Era dia da consoada. A Antónia levantou-se cedo para ir à praça, comprar as couves tronchas, o polvo e mais algumas miudezas para a longa noite da ceia natalícia.
Quando regressou a casa, já os caixeiros da rua Direita e do Tombeirinho abriam as pesadas portas de madeira de castanho, pintadas de verde e cor de vinho, para oferecerem aos seus clientes as mercadorias do seu ramo de negócio.
Nas mercearias cheirava a bacalhau e a polvo de meia cura. Era Natal!
Sentia-se a falta da animação dos estudantes que já estavam de férias. As carvoeiras de Gimonde e da Aveleda percorriam as ruas da cidade com os burros carregados de carvão, urzes e carquejas. Ouviam-se os pregões. O dia estava frio e as carvoeiras haviam de fazer bom negócio. Na noite de Natal todas as famílias acendem muitas braseiras para amaciar a fria noite da consoada. As lavadeiras de Alfaião passavam com grandes sacos de roupa branca que lavavam no rio da aldeia e punham a corar ao sol mortiço de dezembro.
As ruas da cidade estavam na verdade muito movimentadas, com burros, carroças e pessoas que vinham aos Sotos fazer as últimas compras. Gente da aldeia, mulheres de lenço, envoltas em pesados xailes de lã, homens de capote, alguns de samarra, vendiam pelas ruas produtos da horta e da capoeira.

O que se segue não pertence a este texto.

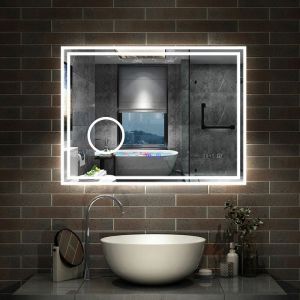 Simple Bluetooth led miroir de salle de bain tricolore tactile avec anti-buée et horloge et miroir grossissant 3x, suspendu horizontalement 120x70cm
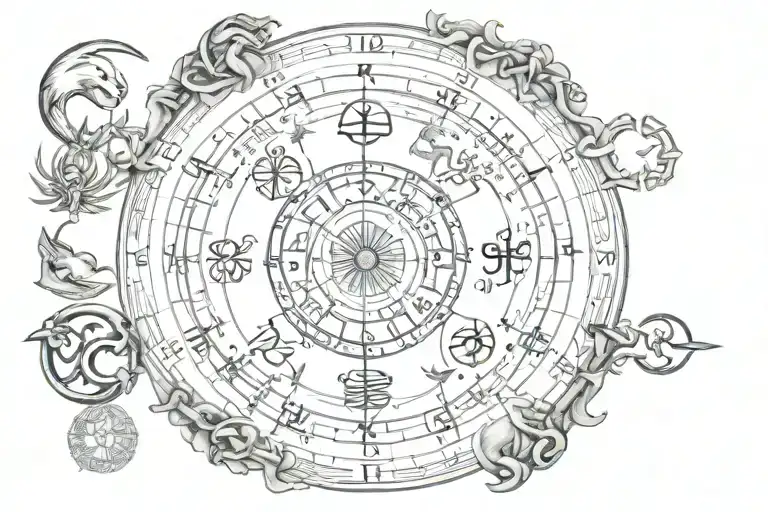 12 Zodiac Symbols Around Arm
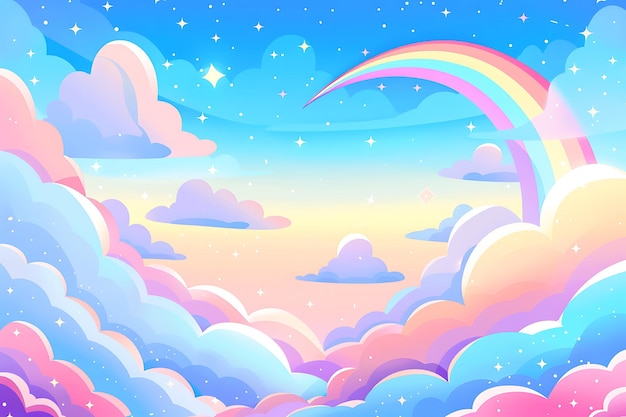 Paper art rainbow with clouds and stars isolated on a pink background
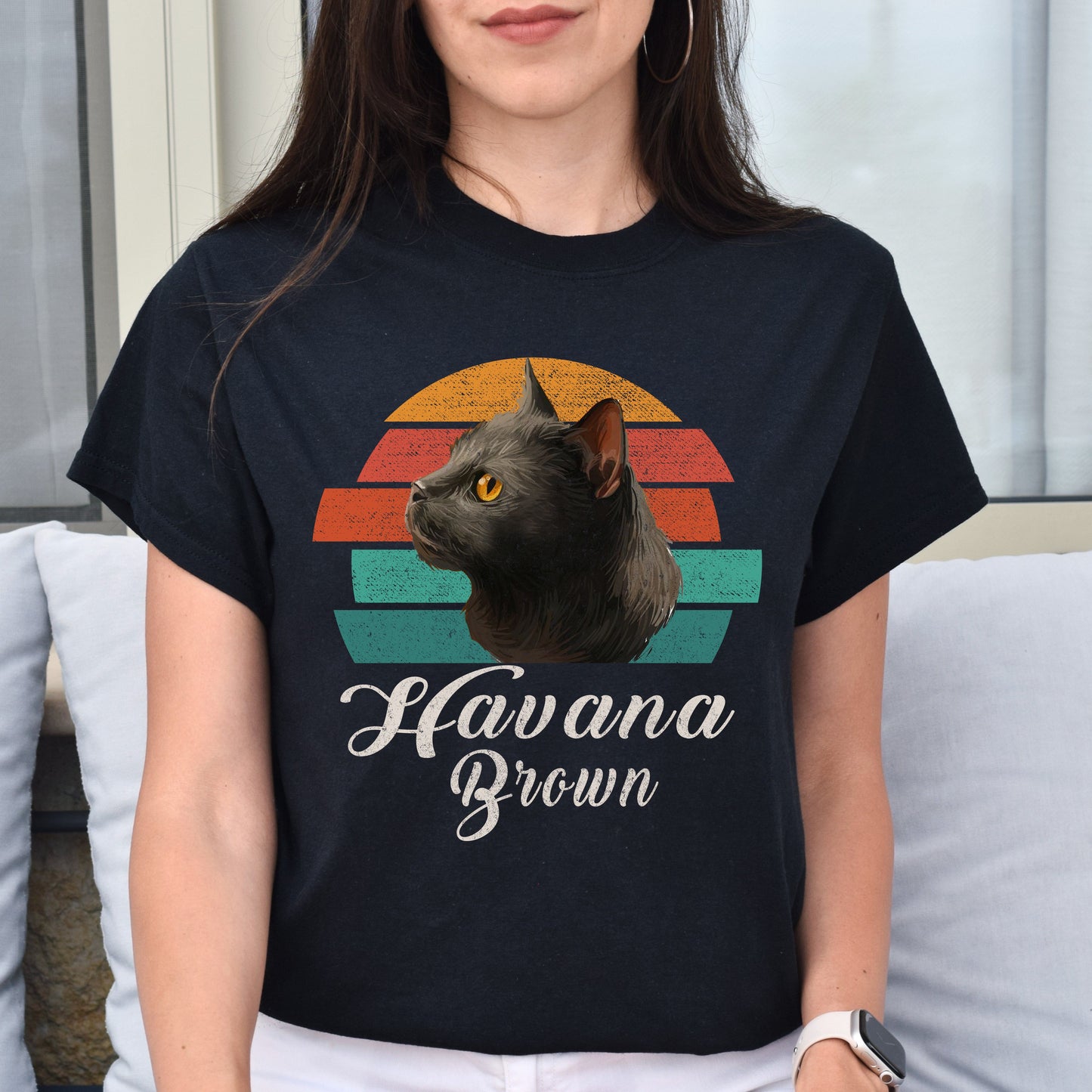 Havana Brown cat retro Unisex shirt Black Dark Heather-Black-Family-Gift-Planet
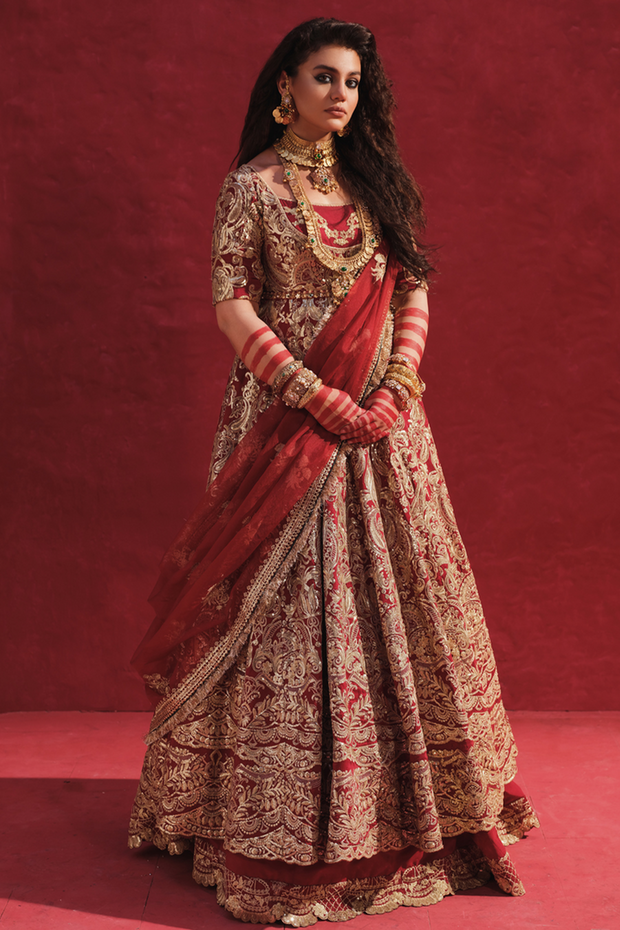 Raw Silk Maroon Pishwas for Pakistani Bridal Dresses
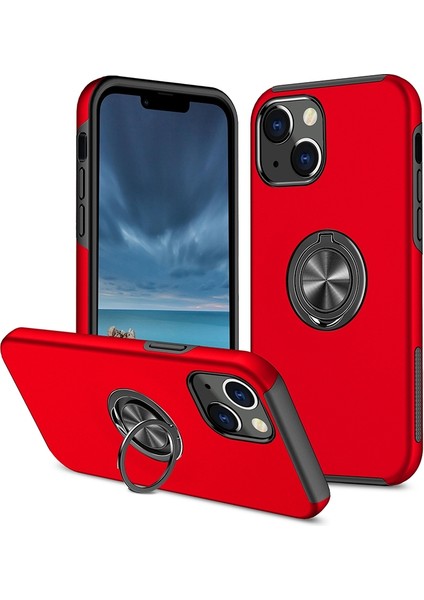 Apple iPhone 14 Telefon Kasası 6.1 Inç Sert Pc+Yumuşak Tpu Çift Katman Koruma Kılıfı Yüzük Araç Montaj Kickstand Koruyucu Telefon Kapak-Kırmızı (Yurt Dışından)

As tabernas deixavam no ar um fumo branco com cheiro a canela. As filhoses e rabanadas alouravam.
As mães entravam nos comércios de mercearias da praça da Sé e faziam embrulhos com as folhas mais coloridas do Primeiro de Janeiro. Meia dúzia de rebuçados de meio tostão, uns figos secos vindos de Moncorvo e umas meias de lã de ovelha faziam o presente divino que à meia-noite em ponto, um menino Jesus pobre, acabadinho de nascer, havia de deixar junto da lareira! E todo o céu envolto no frio bragançano se iluminava.
E as árvores sem folhas da Praça da Sé pareciam Cristos crucificados, dolorosamente, numa cidade antiquíssima, numa cidade de província, a nordeste.